### EXERCISE INPUT
---+---

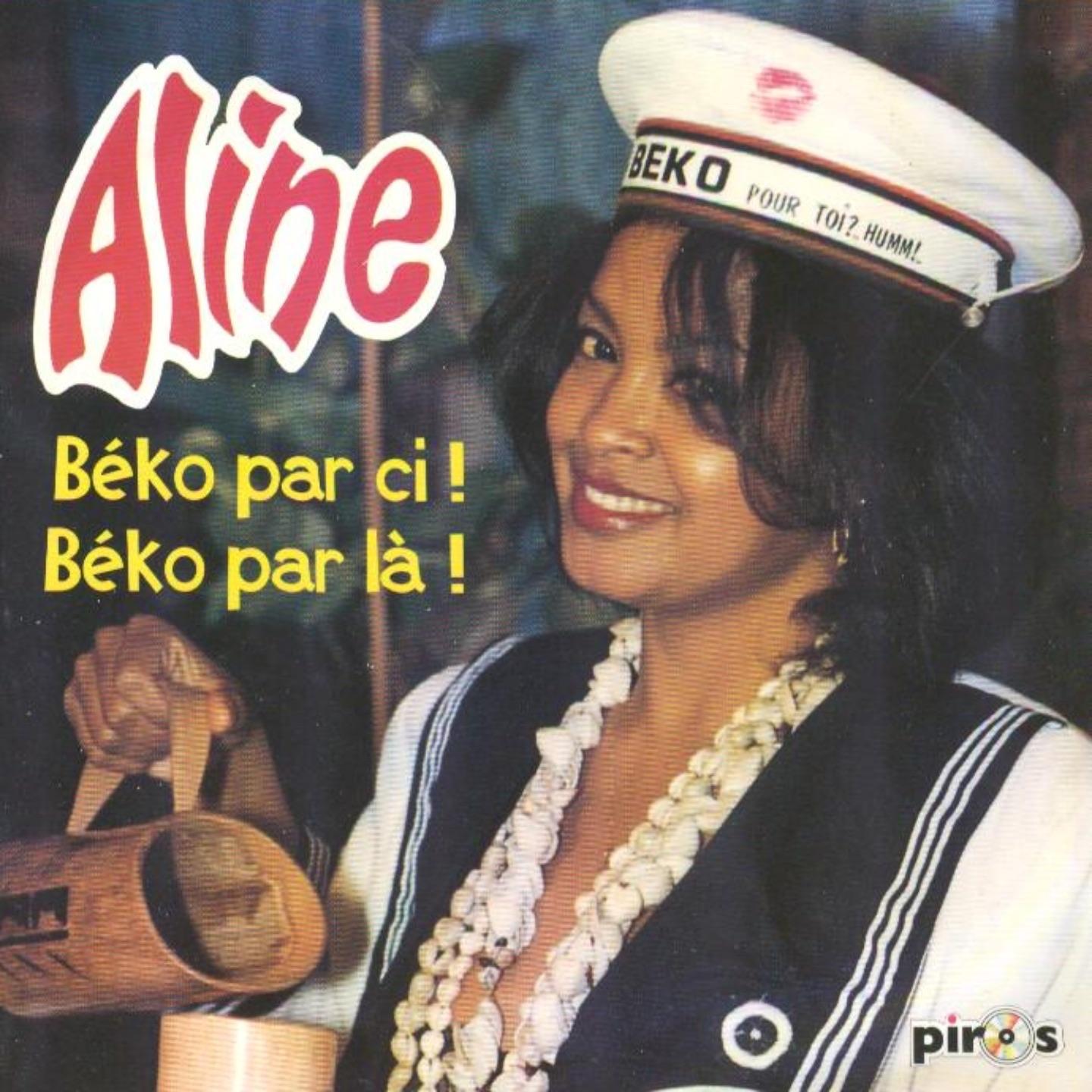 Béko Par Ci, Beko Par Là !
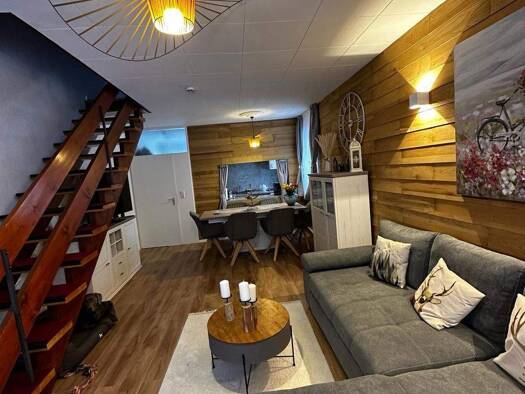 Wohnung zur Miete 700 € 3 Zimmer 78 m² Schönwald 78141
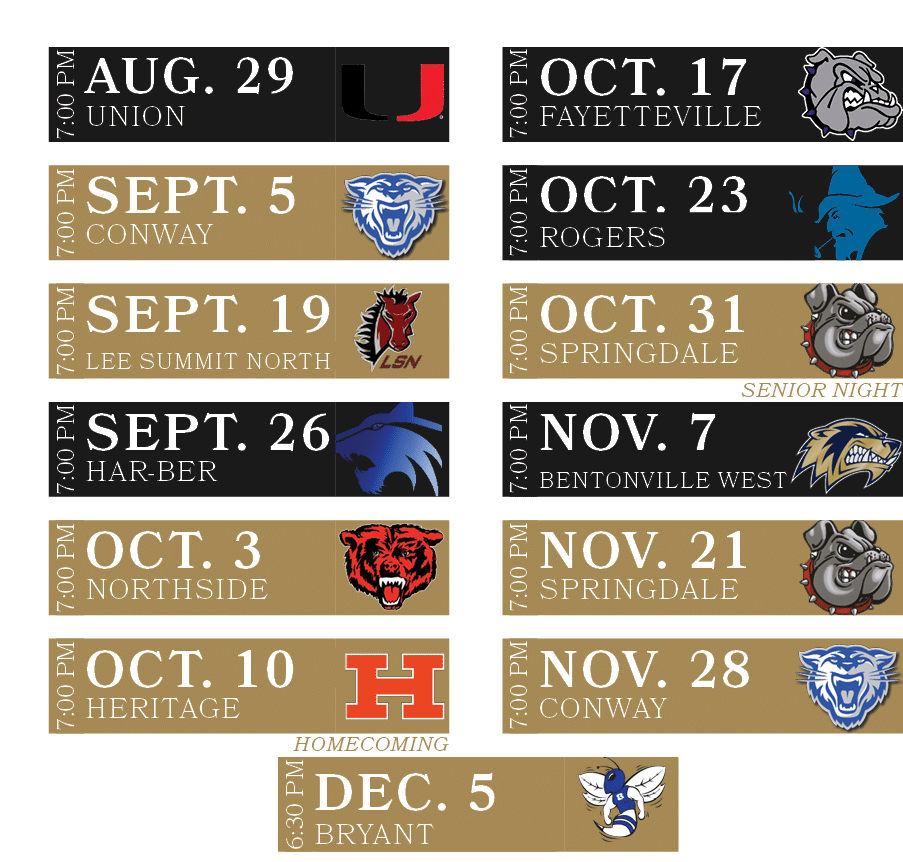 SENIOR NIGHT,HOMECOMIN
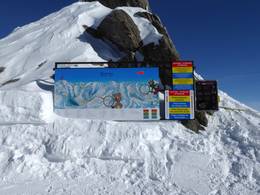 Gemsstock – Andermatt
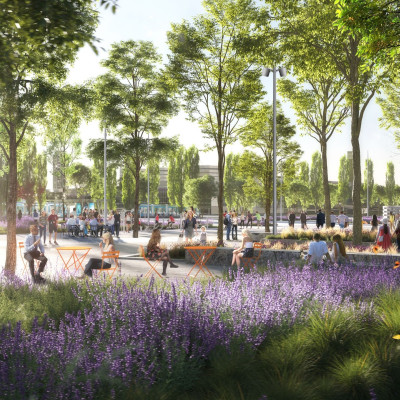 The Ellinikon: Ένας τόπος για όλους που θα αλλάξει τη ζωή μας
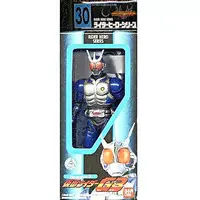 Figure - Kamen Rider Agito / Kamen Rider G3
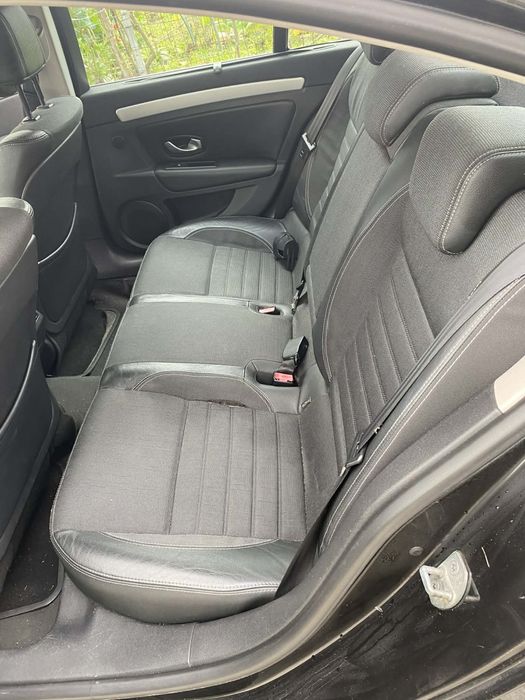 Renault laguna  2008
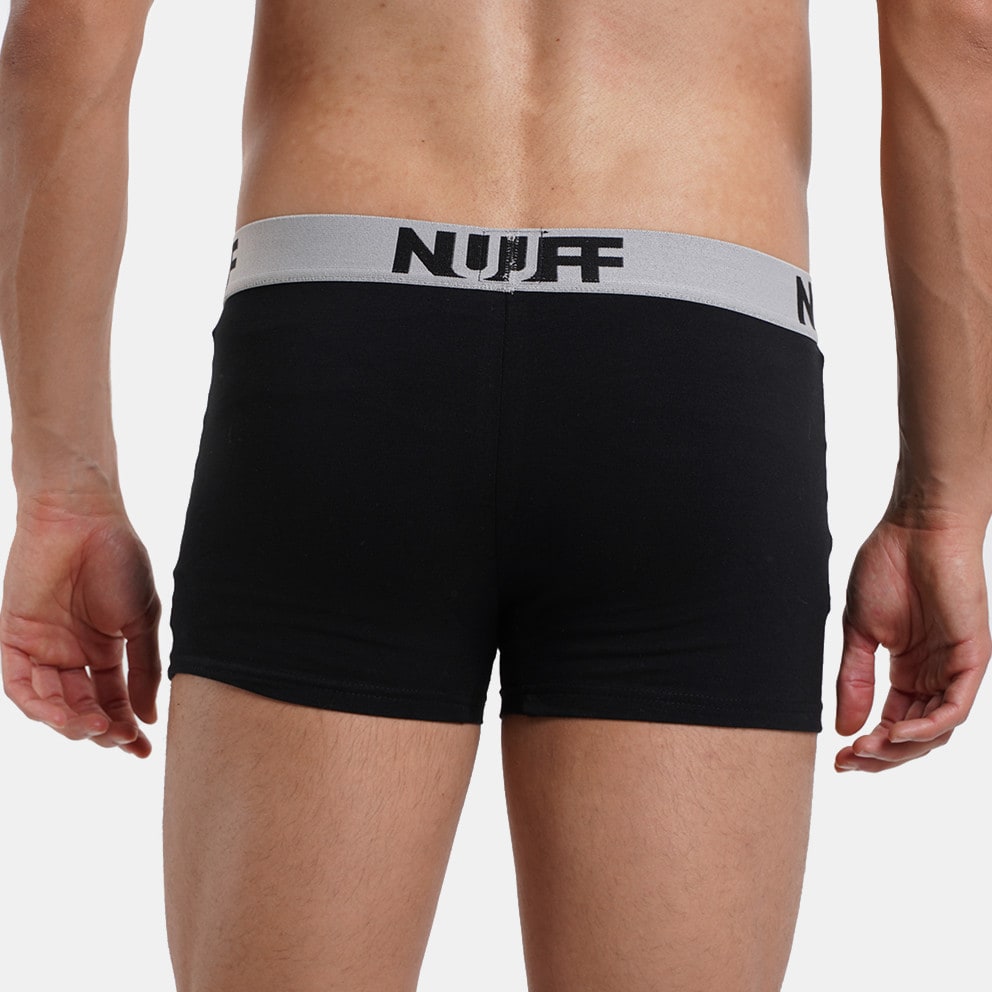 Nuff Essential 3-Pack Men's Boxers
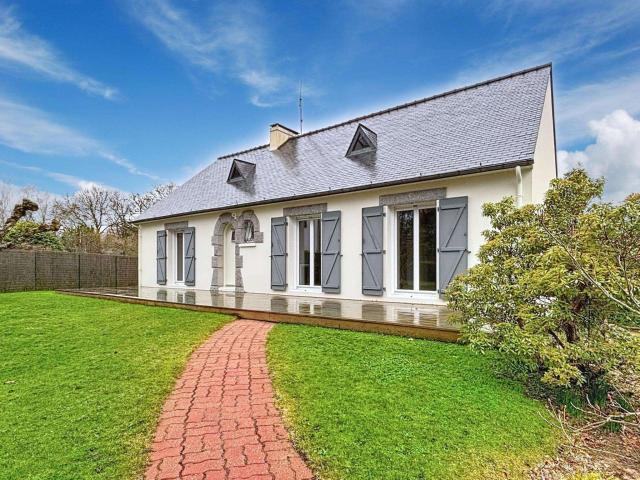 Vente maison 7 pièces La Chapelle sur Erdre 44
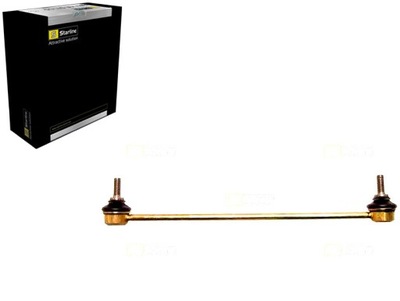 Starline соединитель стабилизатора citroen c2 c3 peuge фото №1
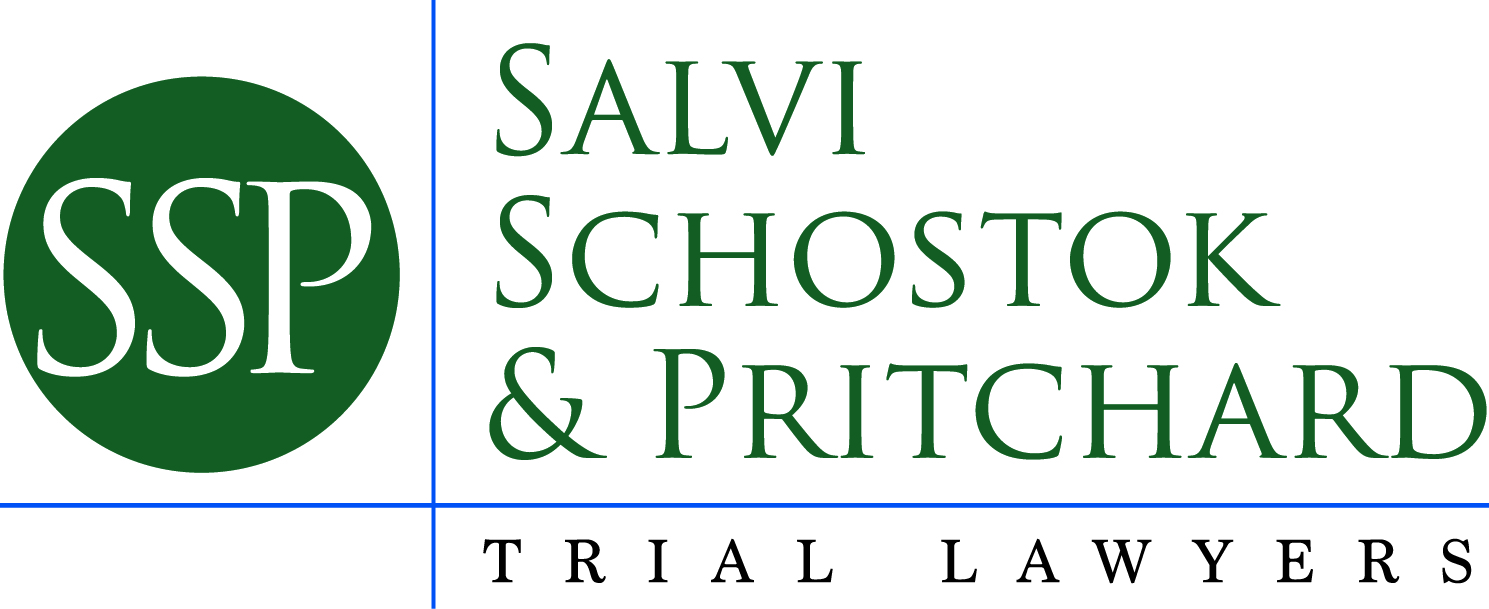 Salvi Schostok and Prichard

---+---

### EXERCISE
Everything from the line with "Gemsstock – Andermatt" through the end of the records above, both ends included, is to be reproduced exactly, and nothing outside that span; the pictures are to be dropped.

### RESULT OF THIS TASK
 Gemsstock – Andermatt
 The Ellinikon: Ένας τόπος για όλους που θα αλλάξει τη ζωή μας
 Figure - Kamen Rider Agito / Kamen Rider G3
 Renault laguna  2008
 Nuff Essential 3-Pack Men's Boxers
 Vente maison 7 pièces La Chapelle sur Erdre 44
 Starline соединитель стабилизатора citroen c2 c3 peuge фото №1
 Salvi Schostok and Prichard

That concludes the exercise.